Pages with Incorrect Analytics Tags

Sometimes a PPC client will go through a number of agencies and IT employees before they get to us. It’s not surprising to see a few different analytic tag formats and even property ID numbers throughout a website.

When a visitor moves from a webpage with an incorrect analytics tag to a page with the correct tag you can often receive a self-referral. This will always result in a self-referral if the property ID numbers are different.

Solution:

Again, you can use a tool like Screaming Frog to identify pages without your property ID numbers. You can also use a tag manager platform to make sure all the tags are uniform and firing correctly.

For scenarios where the client’s website is a giant code disaster you may need to get their IT department to do an in-depth clean up.

Positioning of Analytics Tags

There really is a reason Google tells you to install your analytics tags in the header. If an analytics tag doesn’t fire before the visitor moves to the next page on your website that page doesn’t send any data to the next page’s tag. The result? Self-referral.

Solution:

Always install analytics tracking code in your website header unless otherwise directed by the tracking code publisher.

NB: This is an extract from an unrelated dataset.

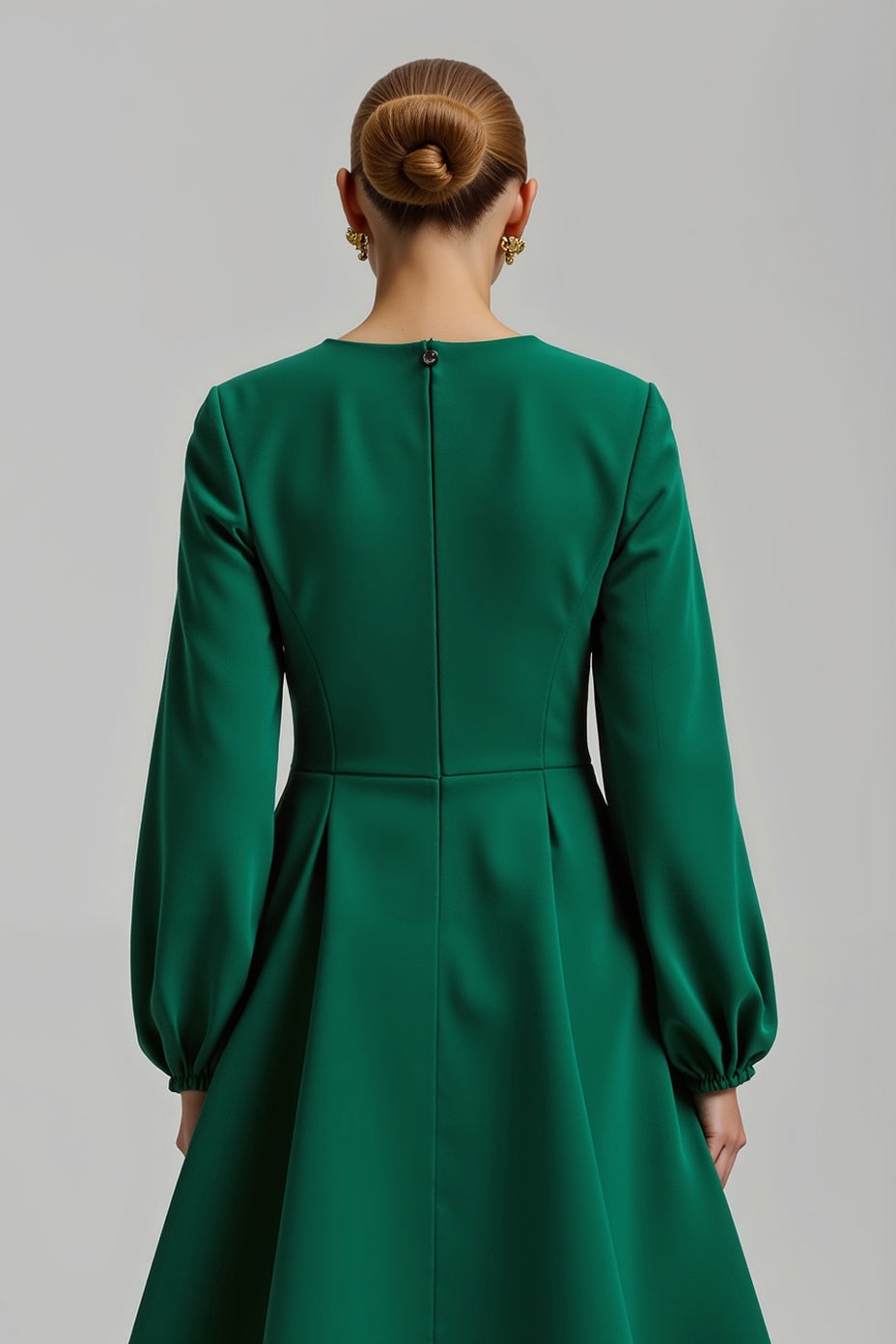 Dark Green A Line Long Sleeve Midi Holiday Party Dress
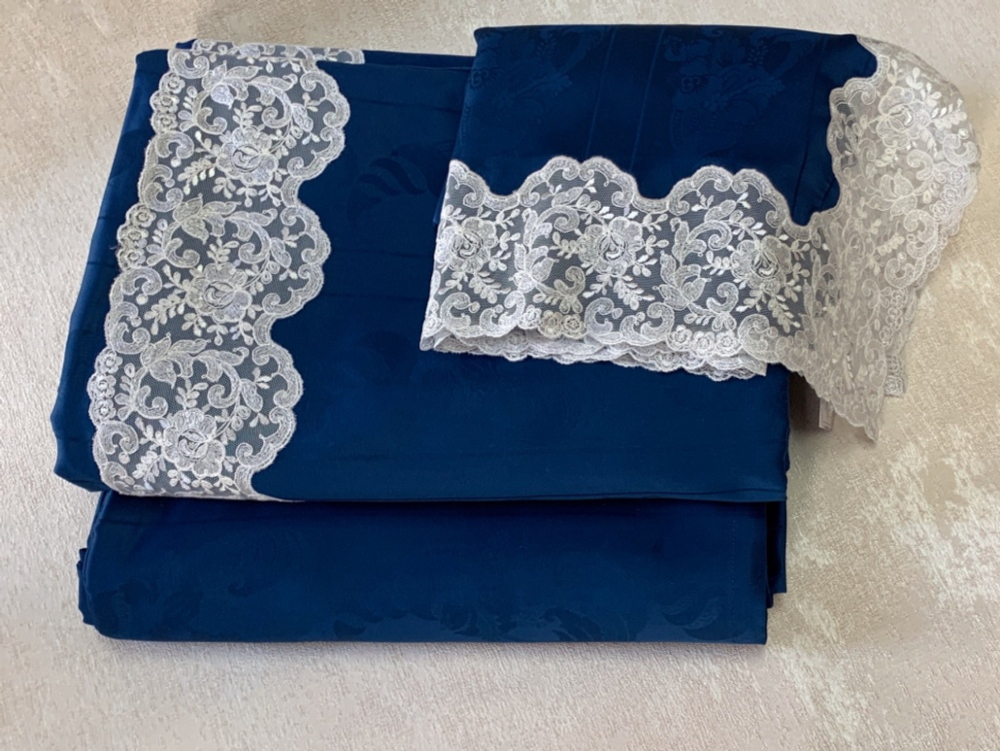 Постельное белье 2 спальное евро Palombella Iberia/Elisa синее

No “http://www” and “http” Website redirects

It’s important to remember that Google Analytics see’s www.website.com and http://website.com as two separate entities. If a visitor comes to www.website.com/page and goes to http://website.com/home you will see referral traffic from www.website.com/page.

Solution:

If you haven’t set up a server side redirect for www.website.com, http://website.com, www.website.com/index.html, etc, we suggest doing so. You’ll want to redirect to the base URL you are currently tracking in analytics.

Frames

They’re ugly and bad. Frames are bad. Get rid of them because they ruin lives.

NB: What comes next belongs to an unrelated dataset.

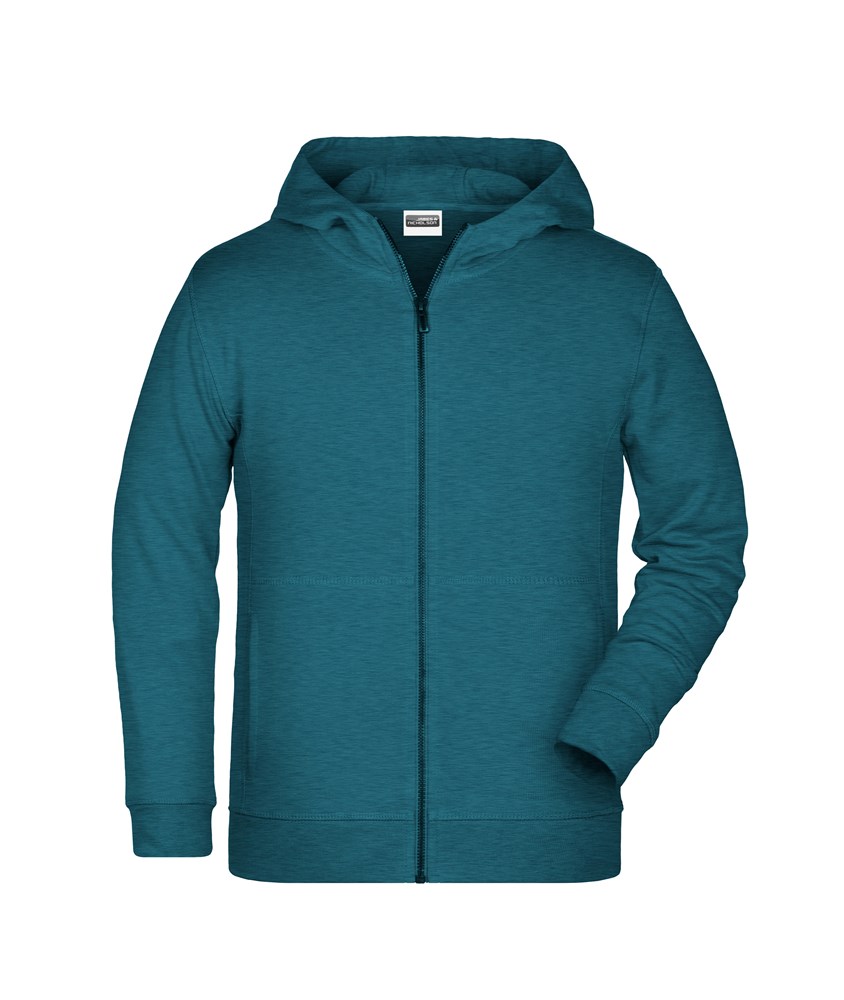 Children's Zip Hoody OCS Blended & RCS - Petrol-melange (ca. Pantone 7477C)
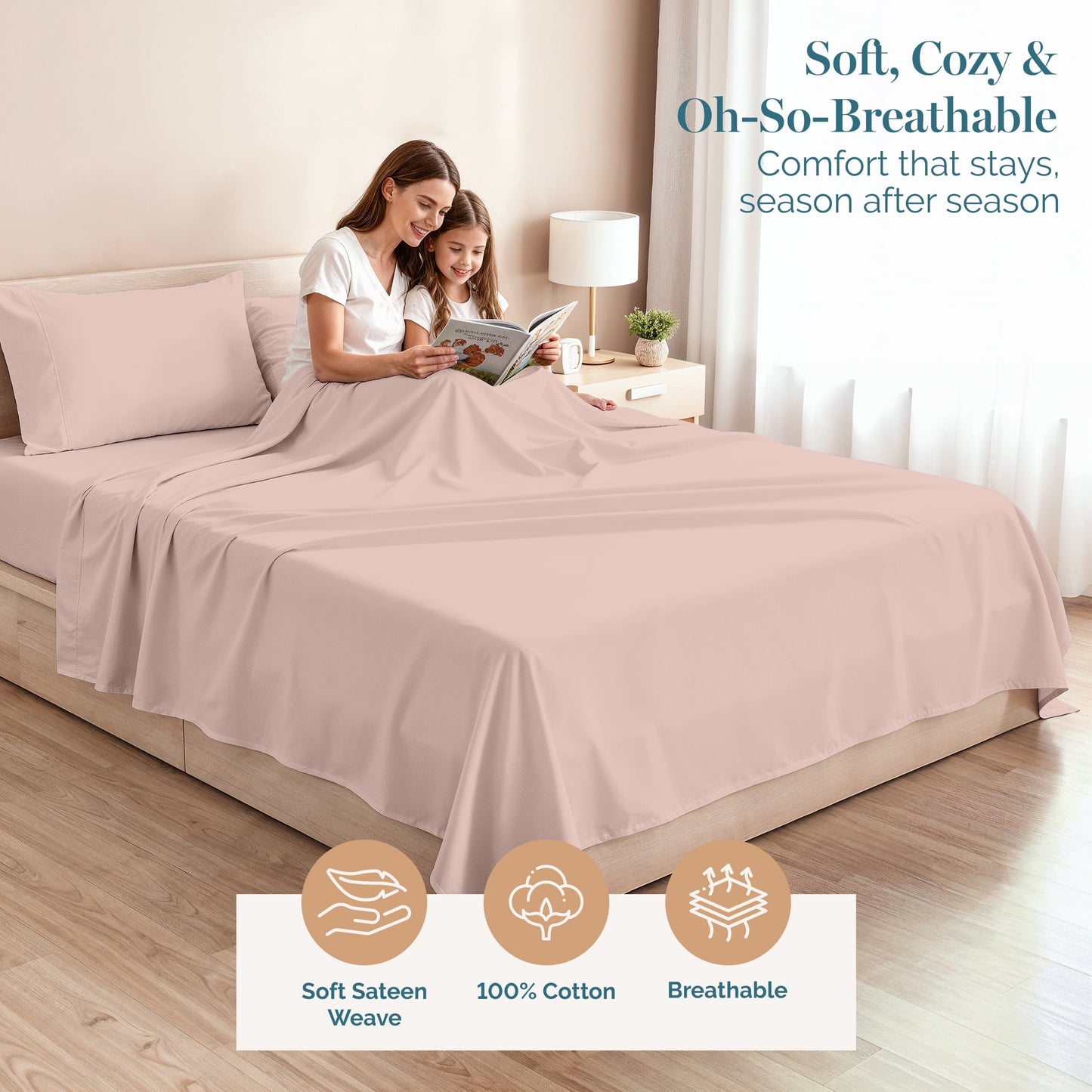 450 Thread Count Cotton Sheet Set cp-gallery: color=Sepia Rose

A frame will essentially load two webpages on one page. If the frame doesn’t have analytics tracking code, you’ve got self-referral problems. If the frame does include analytics tracking code then now you’ve got two analytic tags firing and, yes, you’ll likely have problems.

Solution:

Get rid of frames. If that’s unavoidable you may need to employee some fancy coding or just see the ‘magic bullet’ section in this article.

Also, don’t format with tables. This won’t affect self-referrals at all but it is very bad coding and makes me cringe.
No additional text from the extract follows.